May  2019, 24(5): 2205-2217. doi: 10.3934/dcdsb.2019091

## A simple model of collagen remodeling

 1 ICM, University of Warsaw, ul. Tyniecka 15/17, 02-630 Warsaw, Poland 2 Institute of Applied Mathematics and Mechanics, Faculty of Mathematics, Informatics and Mechanics, University of Warsaw, ul. Banacha 2, 02-097 Warsaw, Poland 3 Institute of Mathematics, University of Gdańsk, ul. Wita Stwosza 57, 80-308 Gdańsk, Poland 4 Institute of Mathematics, Polish Academy of Sciences, ul. Śniadeckich 8, 00-656 Warsaw, Poland

* Corresponding author: Zuzanna Szymańska

Received  January 2018 Revised  January 2019 Published  March 2019

Fund Project: G. D. and Z. S. were supported by the National Centre for Research and Development Grant STRATEGMED1/233224/10/NCBR/2014. M. L. was supported by the National Science Centre Poland Grant 2017/25/B/ST1/00051. Z. S. acknowledge the support from the National Science Centre Poland Grant 2017/26/M/ST1/00783.
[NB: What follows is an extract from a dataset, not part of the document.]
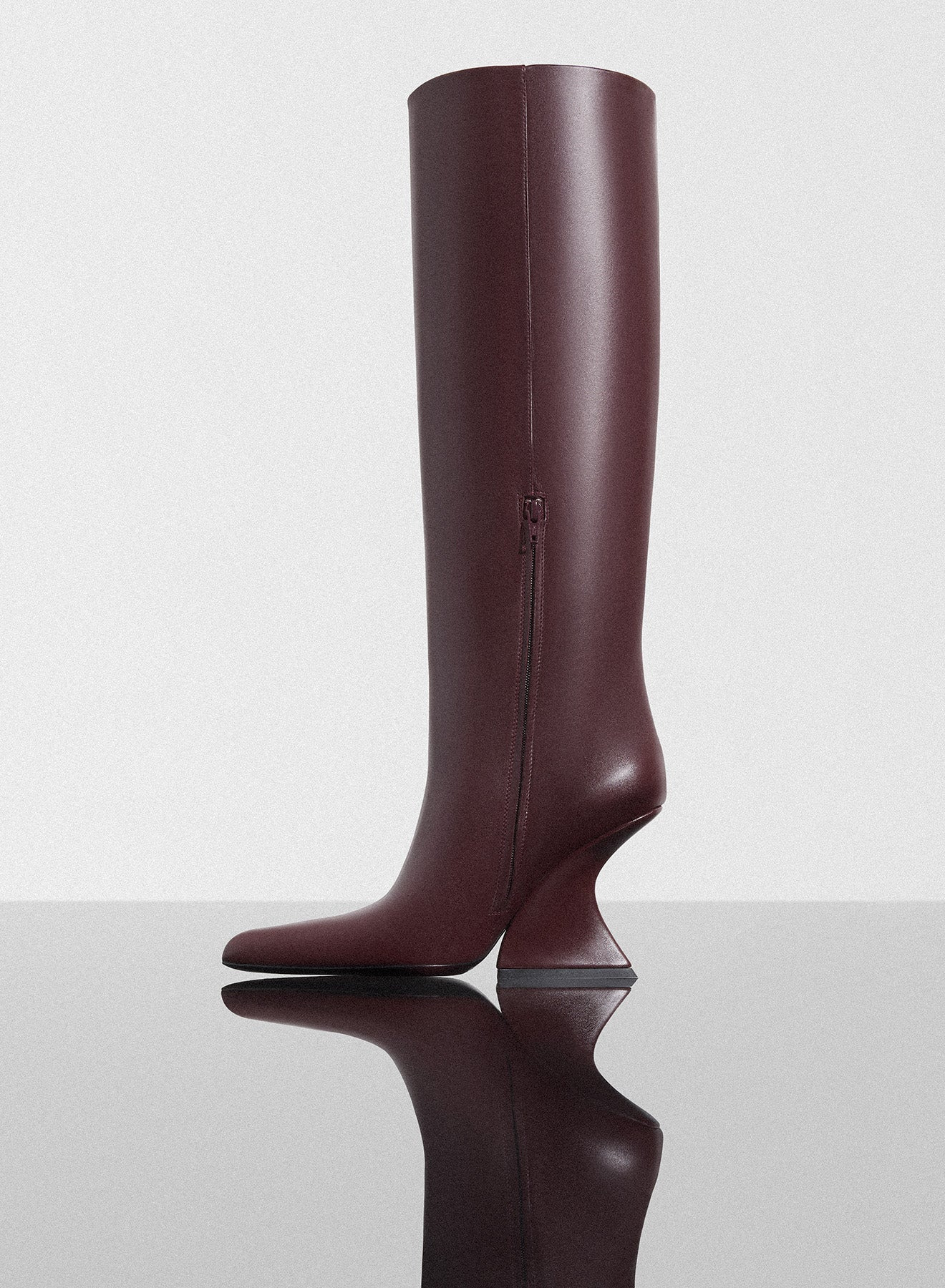 burgundy curved heel knee-high boots - 2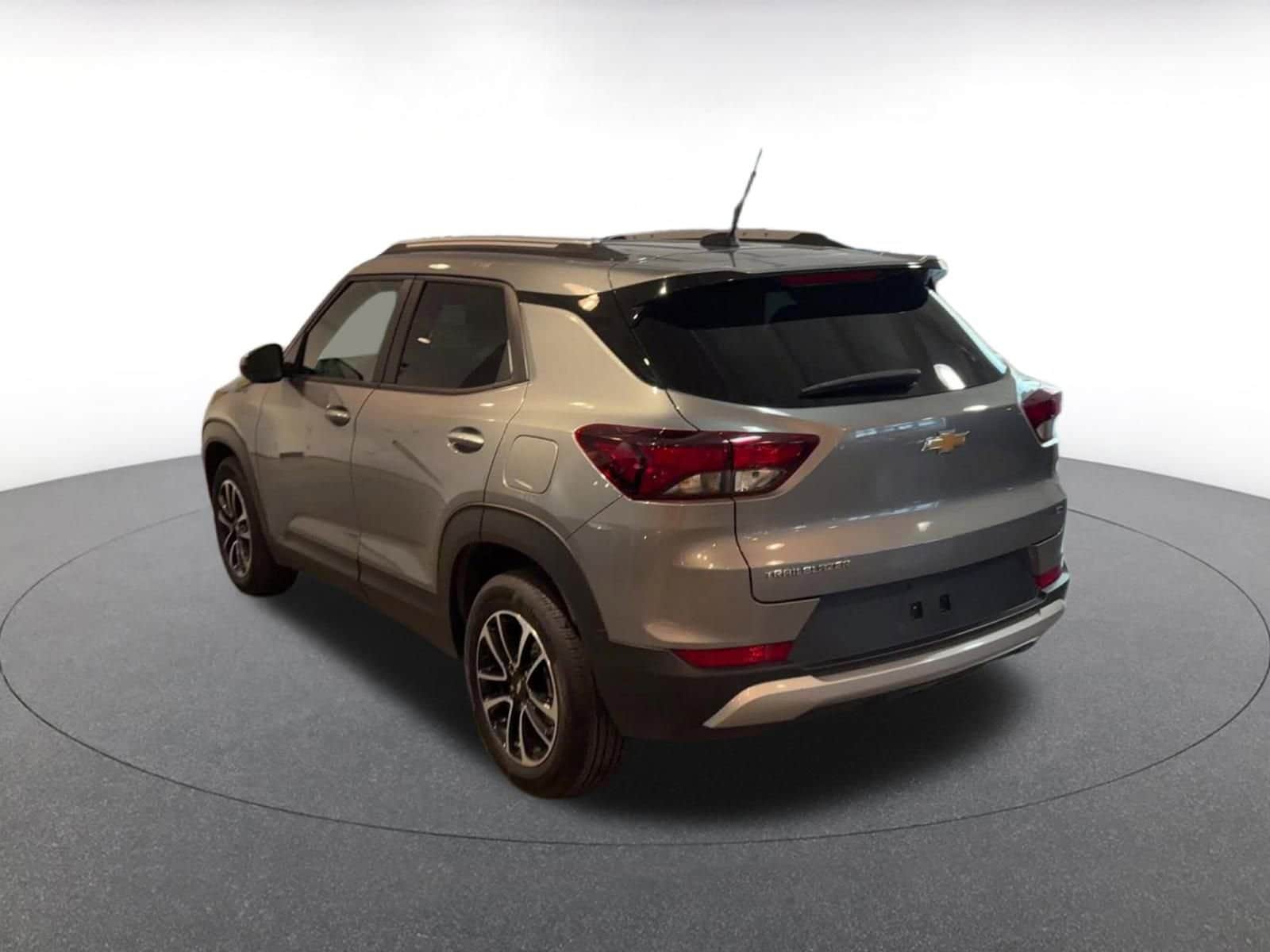 Thumbnail: 2025 Chevrolet TrailBlazer - 11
In the present paper we propose and study a simple model of collagen remodeling occurring in latter stage of tendon healing process. The model is an integro-differential equation describing the possibility of an alignment of collagen fibers in a finite time. We show that the solutions may either exist globally in time or blow-up in a finite time depending on initial data. The latter behavior can be related to the healing of injury without the scar formation in a finite time: a full alignment of collagen fibers. We believe that the present model is an essential ingredient of the full description of collagen remodeling.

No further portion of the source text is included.